FIG. 30 suggests the possibility that galectin-9 increases the CD11c expression in macrophages differentiated with M-CSF, thereby causing the macrophages to differentiate into dendritic cells. As has been reported, galectin-9 promotes differentiation of human peripheral blood mononuclear cells to conventional dendritic cells (Dai, S. Y. et al, J Immunol, 2005 175: 2974-81). Thus, in the present example, the phenotype of the obtained cells was examined closely. The results thereof are shown in FIG. 31.

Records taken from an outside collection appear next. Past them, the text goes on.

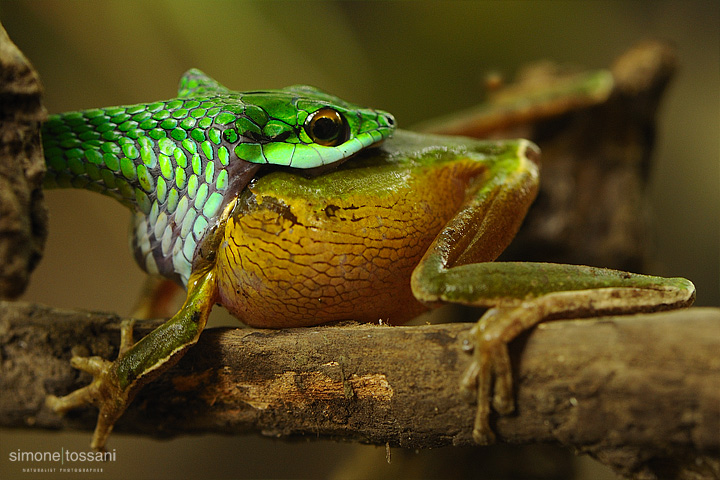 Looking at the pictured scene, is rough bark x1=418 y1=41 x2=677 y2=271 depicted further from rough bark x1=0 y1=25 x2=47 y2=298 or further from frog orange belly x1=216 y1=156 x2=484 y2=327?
rough bark x1=0 y1=25 x2=47 y2=298

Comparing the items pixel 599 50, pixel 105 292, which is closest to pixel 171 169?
pixel 105 292

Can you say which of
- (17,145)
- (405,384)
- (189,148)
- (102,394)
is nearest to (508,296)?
(405,384)

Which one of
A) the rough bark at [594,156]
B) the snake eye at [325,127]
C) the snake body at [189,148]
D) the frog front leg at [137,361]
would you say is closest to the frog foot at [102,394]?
the frog front leg at [137,361]

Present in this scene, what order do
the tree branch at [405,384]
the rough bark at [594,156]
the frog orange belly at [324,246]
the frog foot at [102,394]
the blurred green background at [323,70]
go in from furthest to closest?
1. the blurred green background at [323,70]
2. the rough bark at [594,156]
3. the frog foot at [102,394]
4. the frog orange belly at [324,246]
5. the tree branch at [405,384]

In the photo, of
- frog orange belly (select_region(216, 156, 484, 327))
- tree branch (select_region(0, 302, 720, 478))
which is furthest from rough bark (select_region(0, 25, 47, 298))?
frog orange belly (select_region(216, 156, 484, 327))

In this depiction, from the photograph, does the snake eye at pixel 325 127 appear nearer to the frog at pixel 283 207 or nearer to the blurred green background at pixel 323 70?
the frog at pixel 283 207

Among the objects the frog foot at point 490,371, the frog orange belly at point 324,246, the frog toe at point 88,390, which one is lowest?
the frog foot at point 490,371

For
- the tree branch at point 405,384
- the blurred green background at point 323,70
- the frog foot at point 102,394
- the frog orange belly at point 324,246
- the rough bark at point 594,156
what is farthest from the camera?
the blurred green background at point 323,70

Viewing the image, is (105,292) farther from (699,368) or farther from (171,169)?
(699,368) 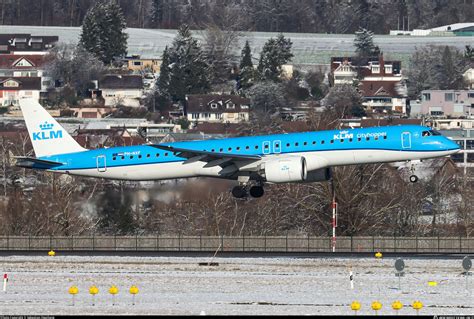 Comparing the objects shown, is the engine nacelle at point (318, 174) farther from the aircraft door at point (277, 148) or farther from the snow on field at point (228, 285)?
the snow on field at point (228, 285)

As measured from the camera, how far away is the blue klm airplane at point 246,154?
80.4 meters

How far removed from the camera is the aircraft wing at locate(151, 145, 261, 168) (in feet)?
267

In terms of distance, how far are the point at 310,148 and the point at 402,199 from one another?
121 feet

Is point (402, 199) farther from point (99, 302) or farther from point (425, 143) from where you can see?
point (99, 302)

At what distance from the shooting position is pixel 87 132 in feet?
557

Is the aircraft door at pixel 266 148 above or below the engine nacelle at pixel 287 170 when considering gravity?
above

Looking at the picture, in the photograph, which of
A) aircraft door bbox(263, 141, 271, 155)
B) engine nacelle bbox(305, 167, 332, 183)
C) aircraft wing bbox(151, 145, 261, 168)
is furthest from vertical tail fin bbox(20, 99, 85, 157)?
engine nacelle bbox(305, 167, 332, 183)

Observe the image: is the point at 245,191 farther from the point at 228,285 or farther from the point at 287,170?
the point at 228,285

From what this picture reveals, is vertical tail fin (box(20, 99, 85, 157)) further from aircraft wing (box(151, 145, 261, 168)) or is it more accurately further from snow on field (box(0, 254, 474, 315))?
snow on field (box(0, 254, 474, 315))

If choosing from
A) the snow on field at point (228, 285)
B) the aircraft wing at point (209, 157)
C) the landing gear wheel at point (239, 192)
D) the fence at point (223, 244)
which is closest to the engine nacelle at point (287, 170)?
the aircraft wing at point (209, 157)

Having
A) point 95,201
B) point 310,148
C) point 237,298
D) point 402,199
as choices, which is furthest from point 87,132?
point 237,298

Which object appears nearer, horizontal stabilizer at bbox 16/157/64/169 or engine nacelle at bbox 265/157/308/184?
engine nacelle at bbox 265/157/308/184

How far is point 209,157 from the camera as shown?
82.6 metres

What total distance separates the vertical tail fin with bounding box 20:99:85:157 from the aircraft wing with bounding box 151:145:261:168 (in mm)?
6901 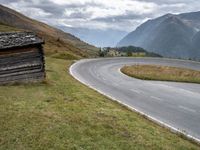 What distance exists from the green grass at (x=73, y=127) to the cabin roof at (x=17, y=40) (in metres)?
7.27

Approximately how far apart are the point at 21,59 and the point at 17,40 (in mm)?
1454

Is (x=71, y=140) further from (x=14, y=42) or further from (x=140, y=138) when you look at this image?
(x=14, y=42)

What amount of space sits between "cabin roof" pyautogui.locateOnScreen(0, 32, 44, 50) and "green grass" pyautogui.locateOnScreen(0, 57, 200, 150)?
7270 mm

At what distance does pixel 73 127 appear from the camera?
1656cm

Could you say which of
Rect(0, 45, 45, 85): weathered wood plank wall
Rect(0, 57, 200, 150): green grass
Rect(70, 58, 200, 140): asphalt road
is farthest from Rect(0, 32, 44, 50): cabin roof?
Rect(0, 57, 200, 150): green grass

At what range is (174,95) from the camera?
32219mm

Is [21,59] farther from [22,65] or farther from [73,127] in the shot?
[73,127]

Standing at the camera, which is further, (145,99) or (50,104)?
(145,99)

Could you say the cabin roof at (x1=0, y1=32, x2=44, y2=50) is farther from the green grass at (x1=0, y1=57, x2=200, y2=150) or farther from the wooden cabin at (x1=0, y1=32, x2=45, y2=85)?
the green grass at (x1=0, y1=57, x2=200, y2=150)

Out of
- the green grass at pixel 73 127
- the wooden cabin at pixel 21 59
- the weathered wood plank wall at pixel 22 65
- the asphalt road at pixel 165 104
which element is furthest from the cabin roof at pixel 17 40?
the green grass at pixel 73 127

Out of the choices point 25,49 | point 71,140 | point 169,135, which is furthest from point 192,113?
point 25,49

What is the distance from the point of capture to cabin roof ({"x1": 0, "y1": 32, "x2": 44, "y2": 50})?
97.2ft

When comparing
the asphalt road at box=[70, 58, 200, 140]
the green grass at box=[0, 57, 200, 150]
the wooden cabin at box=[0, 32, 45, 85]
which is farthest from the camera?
the wooden cabin at box=[0, 32, 45, 85]

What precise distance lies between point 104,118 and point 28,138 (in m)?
4.96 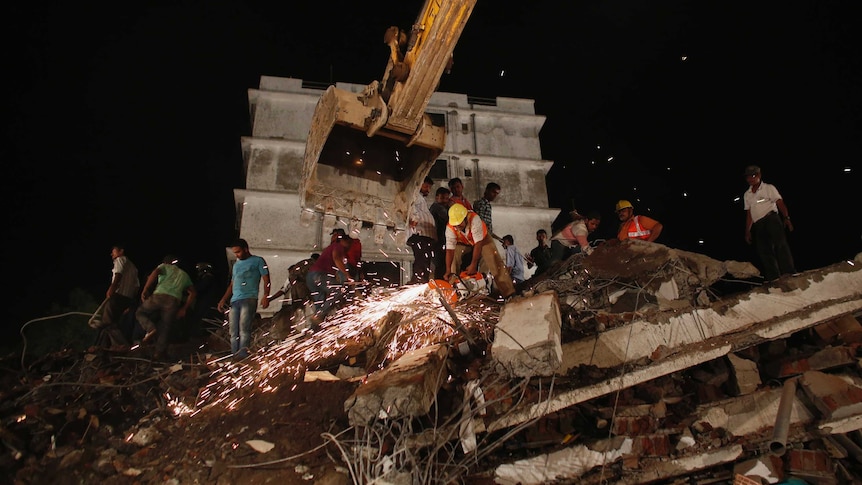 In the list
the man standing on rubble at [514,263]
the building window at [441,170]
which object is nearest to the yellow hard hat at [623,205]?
the man standing on rubble at [514,263]

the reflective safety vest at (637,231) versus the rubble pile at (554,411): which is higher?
the reflective safety vest at (637,231)

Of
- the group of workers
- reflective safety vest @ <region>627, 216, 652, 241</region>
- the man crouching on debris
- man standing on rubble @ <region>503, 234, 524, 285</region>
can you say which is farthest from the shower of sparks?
man standing on rubble @ <region>503, 234, 524, 285</region>

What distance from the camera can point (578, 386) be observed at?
10.6 feet

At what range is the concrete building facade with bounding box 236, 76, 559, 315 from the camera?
17.1 meters

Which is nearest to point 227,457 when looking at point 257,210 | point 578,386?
point 578,386

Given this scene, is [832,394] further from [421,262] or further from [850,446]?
[421,262]

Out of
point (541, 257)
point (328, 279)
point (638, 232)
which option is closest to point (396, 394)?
point (328, 279)

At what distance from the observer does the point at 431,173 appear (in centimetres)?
1973

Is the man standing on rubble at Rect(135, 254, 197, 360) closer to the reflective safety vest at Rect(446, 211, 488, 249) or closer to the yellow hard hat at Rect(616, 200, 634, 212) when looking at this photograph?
the reflective safety vest at Rect(446, 211, 488, 249)

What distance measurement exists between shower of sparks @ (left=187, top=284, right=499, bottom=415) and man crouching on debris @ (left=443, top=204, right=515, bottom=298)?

(A) Analysis by flow cytometry revealed that the galectin-9 increased the expressions of B220 and I−A/I−E and decreased the expression of CD14. On the other hand, F4/80 used widely as a macrophage marker was expressed at a high level despite the addition of the galectin-9, and maintained the macrophage phenotype.
(B) mRNAs of transcription factors were analyzed by the real-time RT-PCR. As a result, IRF4 and IRF8 necessary for differentiation into dendritic cells were increased by the galectin-9. Also, SpiB, which is considered to be expressed in pDC precursor cells, was increased by the galectin-9, and Id2, which is considered to inhibit the transcription factor E2-2 of mature pDC, also was increased by the addition of the galectin-9.
(C) Furthermore, mRNAs of TLR7, TLR8, and TLR9 also were increased by the addition of the galectin-9.
(D) Macrophages were differentiated for 7 days in the presence of M-CSF and galectin-9. Thereafter, the TLR agonists indicated in FIG. 31D were added, and the macrophages were cultured for 6 hours. FIG. 31D shows the results of measuring the mRNA expressions of IFN-α and IFN-β by the real-time RT-PCR. The agonists used in this experiment were: LPS (100 ng/ml, Sigma) as a TLR4 agonist; R848 (5 μg/ml, Imgenex) as a TLR7/8 agonist; and CpG (TypeA CpG ODN1585, 10 μg/ml, Invivogen) as a TLR9 agonist. If the macrophages were mature pDC, high expression of type I interferon should be observed by the stimulation with these TLR agonists. However, the expression of type I interferon was not increased to a high level.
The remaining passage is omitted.